I can tell by the way you walk

"Great Juno comes; I know her by her gait."
William Shakespeare, The Tempest

Retinal scans, finger printing or facial recognition get most of the publicity but researchers across the world are quietly labouring away at alternative types of biometrics.

Recognition by the way someone walk (their gait), the shape of their ears, the rhythm they make when they tap and the involuntary response of ears to sounds all have the potential to raise the stock of biometric techniques. According to Professor Mark Nixon, of the Image Speech and Recognition Research Group at the University of Southampton, each has unique advantages which makes them worth exploring.

Recognition by ear has already been used in criminal cases and has the advantage that the ear does not change shape with age. Smiling doesn't confuse ear recognition but hair might. Newer techniques such as the otoaustic effect (the response of the ear to sound) has the advantage that it is non-invasive and yet voluntary. However practical implementation is still some way off.

Recognition by rhythm is so simple it is possible to implement it on smartcards.

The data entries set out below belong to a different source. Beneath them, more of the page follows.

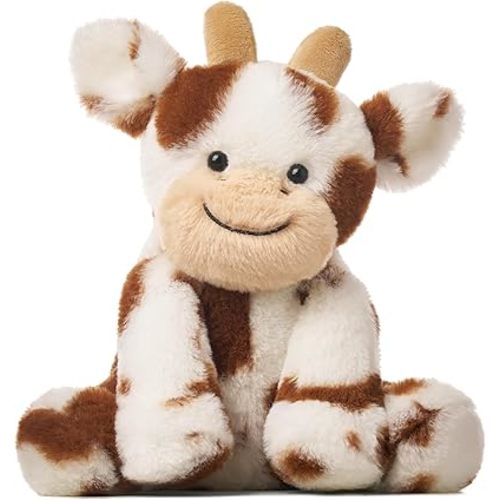 Hopearl Adorable Plush Cow Toy Floppy Dairy Cattle Soft Stuffed Animal Cute Birthday Gifts for Boys Girls Kids Toddlers, Dark Brown, 9''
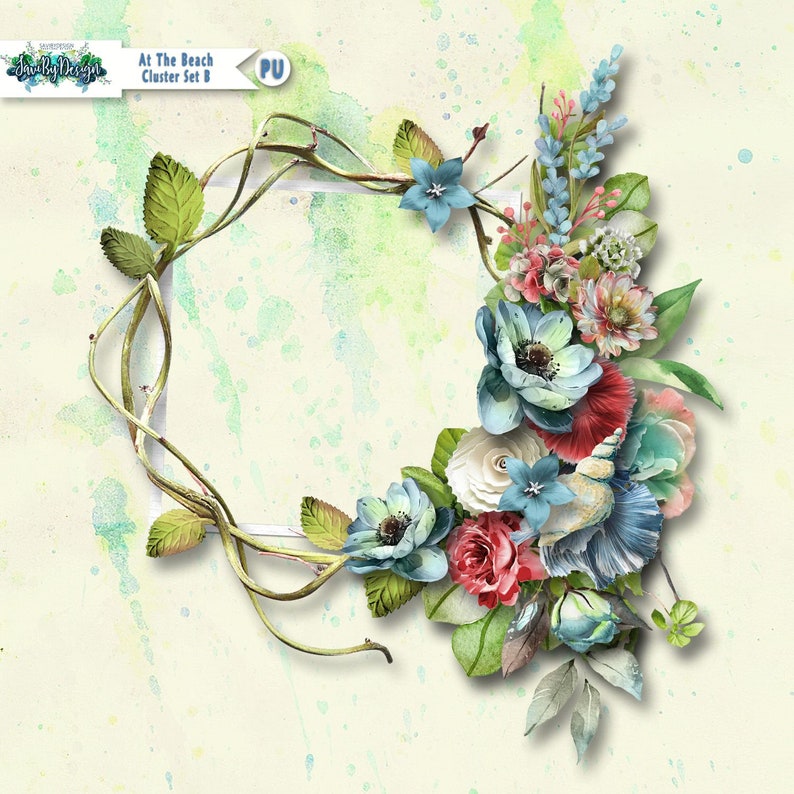 Digital Scrapbooking Clusters set of 4 AT THE BEACH set B Etsy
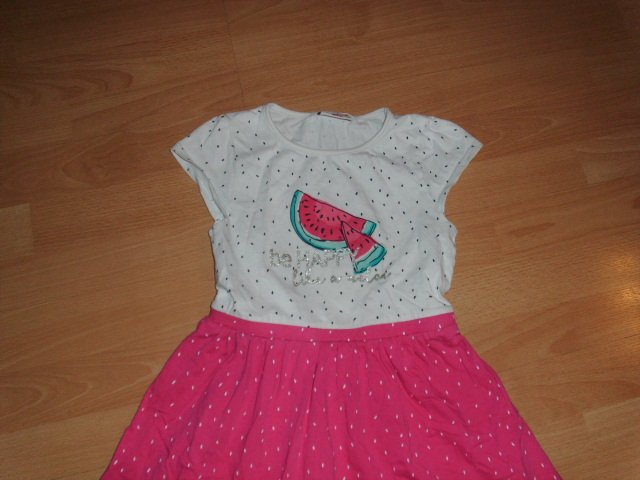 Kleid von Topolino, pink-weiß, mit Motiv, Gr. 128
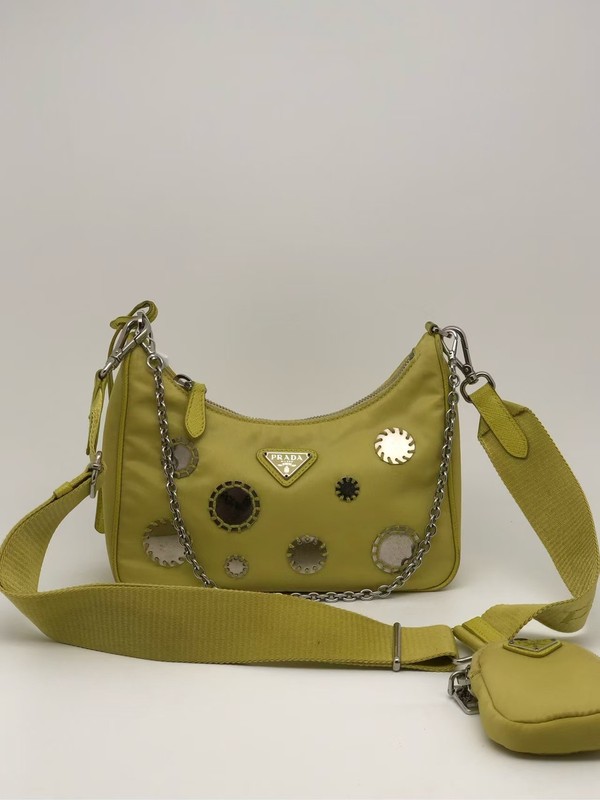 Prada Re-Edition 2005 Olive Nylon 3-in-1 Hobo Bag Mirror Decor Chain Strap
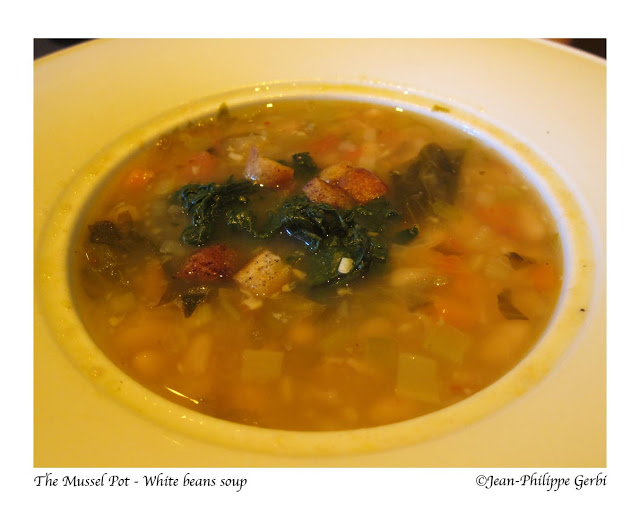 Image of White bean soup at The Mussel Pot in Greenwich Village NYC, New York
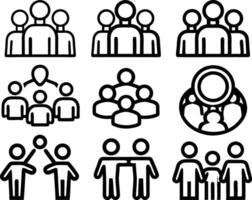 set of teamwork icon illustration. teamwork, team, meeting, business, work, collaboration, group, success, together vector
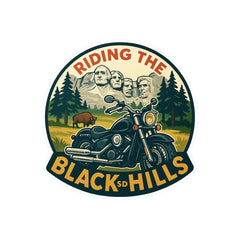 Logo with a motorcycle, Mount Rushmore, and bison with 'Riding the Black Hills' text on a white background.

However results of this so far have been mediocre. Using a piezoelectric sensor built into a smartcard, researchers have so far been unable to reduce the false acceptance of impostors below 15 per cent.

Nixon has conducted extensive research on the use of gait as a biometric. Its advantage is that it is effective at a distance or where only low image resolution footage is available, as with CCTV cameras. Nixon worked with other researchers in the US Defense Advanced Research Projects Agency's HumanID at a Distance project until the scheme was canned "because of US privacy concerns".

The speed at which someone walks or runs has little effect on the biometric, but wearing a trench coat can mask the feet, and using flip-flops can also throw measurements. "Perhaps it’s because we in Britain are not used to wearing flip-flops," Nixon commented.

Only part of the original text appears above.